In the end, there were no words, no walk down memory lane of all that we shared and loved. Only a last embrace and your spirit surrendering its last breath to the Lifegiver.
Then the blinding dawn crept in, the beginning of another day, where love seemed but a whisper and time eroded into a slow motion of every day events that wound down to coveted sleep, only to awaken to an empty cold where once love covered me like sunrise over the mountain.
Perhaps you lingered as you passed between this world and the next.
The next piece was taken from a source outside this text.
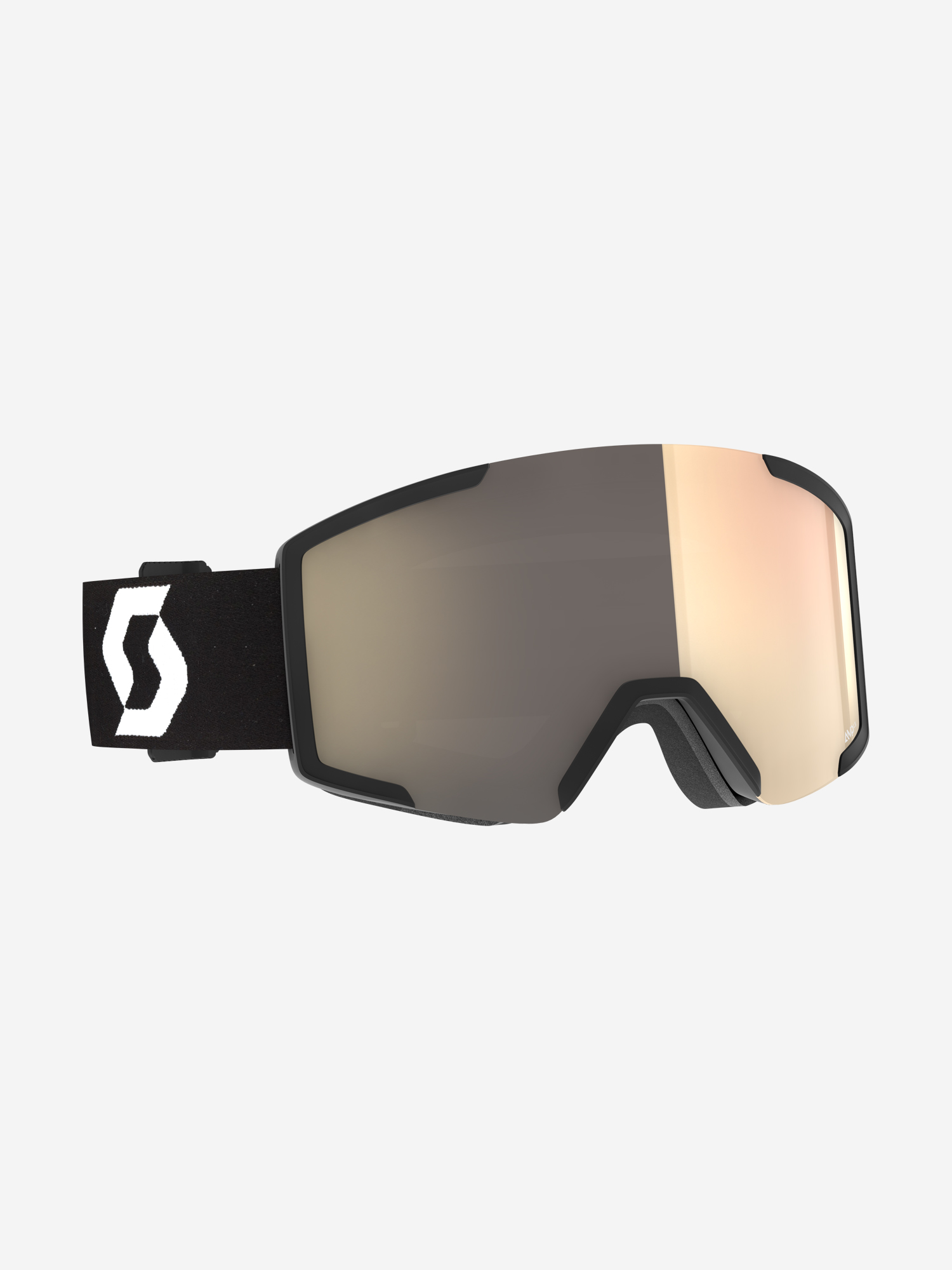 

Маска Scott Shield LS, Черный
I prayed and yearned for the pressing of your kiss to my cheek, but found only another tear, seeking its way into hands clasped tightly in desperate hope that it was surely a dream and not the fulfillment of my greatest fear of being left alone again on my own
Love hoped for a better finish, a sweeter moment, when we could embrace entering home together, finishing the race stronger. Yet now, I find myself yearning for the love you gave that made life exciting, challenging, and precious. Your laughter, your smile and the fearless embrace of all we were created to be.
Memories erupt and I’m drowning in a pool of tears filled with disappointment, pain and impenetrable darkness that has no form but veils me like the caterpillar that inches along and weary finds itself within its cocoon…quiet and alone.
But beneath this veil, the smallest trickle of life beats and dreams of the days of flight ahead and the eventual landing on the hand of the Beloved who brought life, healing and love within my reach. The journey was not long, but it was ours and it will continue for love has a life of its own and it will bear its beauty on the wings of a butterfly that will find its rest in the Hand that is awaiting its return.